▶ **Instructions for the task**:
Write out the records word for word, with no pictures.

▶ **Records excerpted from a collection**:
● ● ● ● ●
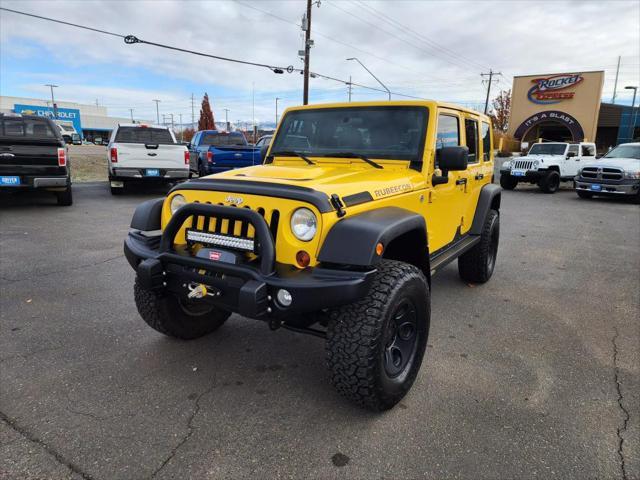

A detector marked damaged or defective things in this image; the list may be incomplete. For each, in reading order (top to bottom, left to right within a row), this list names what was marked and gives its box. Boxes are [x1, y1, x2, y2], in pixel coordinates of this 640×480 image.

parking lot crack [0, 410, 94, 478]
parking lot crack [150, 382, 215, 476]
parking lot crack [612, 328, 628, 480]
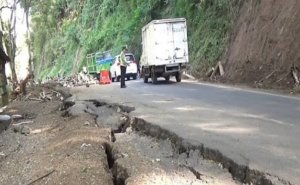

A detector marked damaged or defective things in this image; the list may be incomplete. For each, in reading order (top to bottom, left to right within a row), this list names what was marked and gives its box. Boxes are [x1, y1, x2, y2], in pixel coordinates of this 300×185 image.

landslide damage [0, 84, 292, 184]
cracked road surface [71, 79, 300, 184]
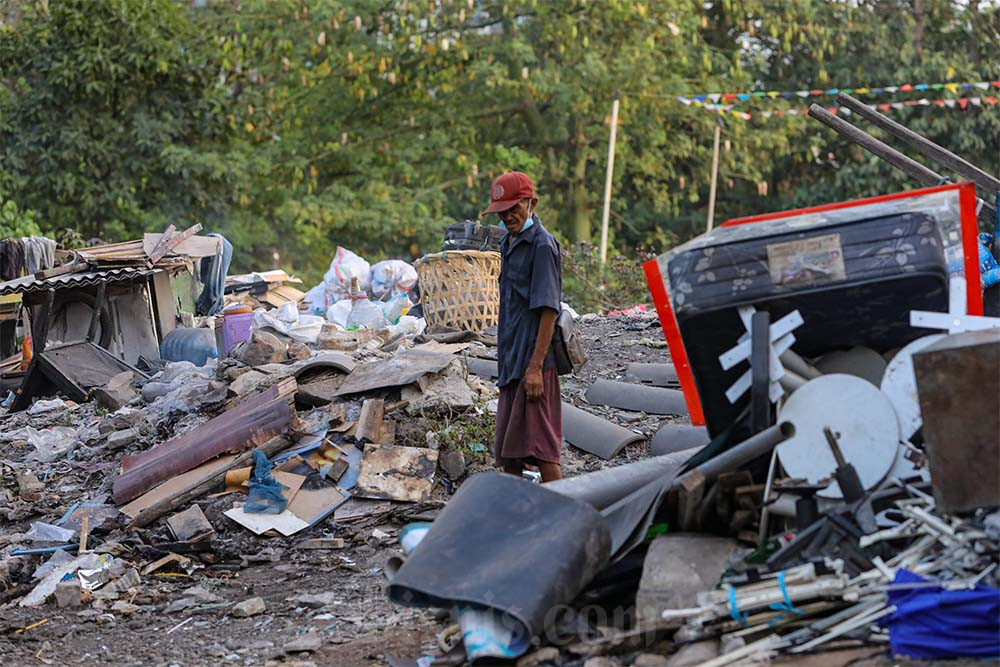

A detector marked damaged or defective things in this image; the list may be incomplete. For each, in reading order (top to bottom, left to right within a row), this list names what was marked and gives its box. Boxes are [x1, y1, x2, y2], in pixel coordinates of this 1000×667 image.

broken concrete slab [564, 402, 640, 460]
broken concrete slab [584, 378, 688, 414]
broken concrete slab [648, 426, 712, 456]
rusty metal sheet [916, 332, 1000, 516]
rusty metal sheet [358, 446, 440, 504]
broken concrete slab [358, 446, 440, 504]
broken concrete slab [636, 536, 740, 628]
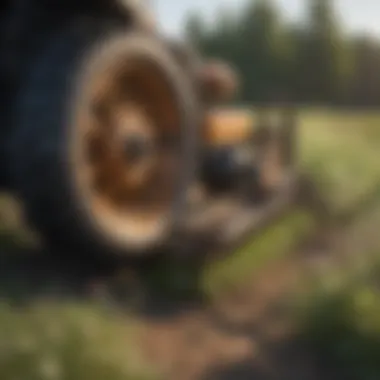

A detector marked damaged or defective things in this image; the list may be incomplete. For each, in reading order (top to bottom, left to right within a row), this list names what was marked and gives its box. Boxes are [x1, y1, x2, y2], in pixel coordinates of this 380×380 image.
● ● ● ● ●
▶ **Answer space**:
A detector marked damaged or defective things in this image; the list may be incomplete. For each, in reading order (top to bottom, left to right within a row), this list names what was marked and gives its box. Boxes are [x1, y1, x2, y2], in pixel coordinates of this 640×480 image.

parking lot crack [0, 410, 94, 478]
parking lot crack [150, 382, 215, 476]
parking lot crack [612, 328, 628, 480]

A detector marked damaged or defective things in this image; the list may be incomplete. For each, in reading order (top to bottom, left to right within a row), this list names what was marked and gives its box. Boxes are [x1, y1, x2, y2], in pixel coordinates of this 300×185 image.

landslide damage [0, 84, 292, 184]
cracked road surface [71, 79, 300, 184]

A detector marked damaged or defective things in this image; the list may be incomplete. For each, in reading order (top to bottom, left to right within a row), this list names what was marked and gives its box. Boxes are [x1, y1, x2, y2], in pixel coordinates of this 1000×667 image.

broken concrete slab [564, 402, 640, 460]
broken concrete slab [584, 378, 688, 414]
broken concrete slab [648, 426, 712, 456]
rusty metal sheet [916, 332, 1000, 516]
rusty metal sheet [358, 446, 440, 504]
broken concrete slab [358, 446, 440, 504]
broken concrete slab [636, 536, 740, 628]

A detector marked damaged or defective things in this image; the list may be incomplete. For each, in reading order (top to bottom, left to right within a row), this list names what was marked and gives its box. Boxes are [x1, y1, x2, y2], in pixel coordinates of this 380×380 image.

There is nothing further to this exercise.